For AU senior Phoebe Mangas, what began as a study abroad experience for her Spanish major last summer quickly became an immersion into another belief system and language that challenged her perspective on faith and culture.
Mangas was originally interested in studying in Spain before feeling a powerful calling to travel somewhere she had never been.
“I was planning on Spain because I had previously traveled there,” said Mangas, “but something in me over the summer said, ‘maybe look at something you’ve never done before.’ So I began looking for a blend of cultures that I had never encountered before.”
This push to explore the unknown inspired her to apply for the Cuban Studies program through CIEE College Study Abroad.
Mangas, who is passionate about Hispanic culture, was especially intrigued by the African influence present in Cuba. In the hopes of fully immersing herself in this new culture, Mangas enrolled in two courses focusing on the past, present and future of Cuba and Afro-Cuban racial dynamics.
As the first AU student to ever study abroad in Havana, Cuba, Mangas quickly found herself among a diverse group of fellow travelers and students. Although traveling without a group of AU students seemed daunting at first, Mangas found herself learning from the diverse backgrounds of the people she had been placed with.
“There were other American students, but it was definitely a very diverse group, religiously, ethnically [and] culturally,” said Mangas. The group also varied in their Spanish fluency; while some, like Mangas, were confident in their Spanish fluency, others had only a few years of Spanish-speaking experience. Though also experienced in speaking Spanish, Mangas noticed her accent shifting as she further immersed herself in the Cuban culture.
The greatest lessons Mangas gained from her experience were not taught in the classroom. Instead, they came from interactions with Cuba’s people and from delving into their laid-back lifestyles.

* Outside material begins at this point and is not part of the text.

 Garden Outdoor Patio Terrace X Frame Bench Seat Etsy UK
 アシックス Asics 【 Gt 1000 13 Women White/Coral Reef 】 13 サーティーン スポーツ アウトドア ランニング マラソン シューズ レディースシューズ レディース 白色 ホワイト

“It was a culture that very much allowed me to let go and be myself,” said Mangas. “It’s a very work-to-live culture, not live-to-work. People will take time out of their day if they’re on their way to work or to a meeting if they run into someone they know, and spend one hour on the street talking. Every night was a dance, every night was a party.”
Salsa dancing lessons were also a regular part of Mangas’ summer experience. At least four nights a week, she would venture to parties and dances to improve her dancing technique.
“If you weren’t dancing, you were considered crazy,” Mangas said.
Despite its persistently bright and energetic atmosphere, Cuba’s culture also presented a set of unexpected challenges for Mangas. At times, she felt particularly discouraged by the lack of a spiritual community to rely upon, as most of the students she learned alongside were of different religious backgrounds.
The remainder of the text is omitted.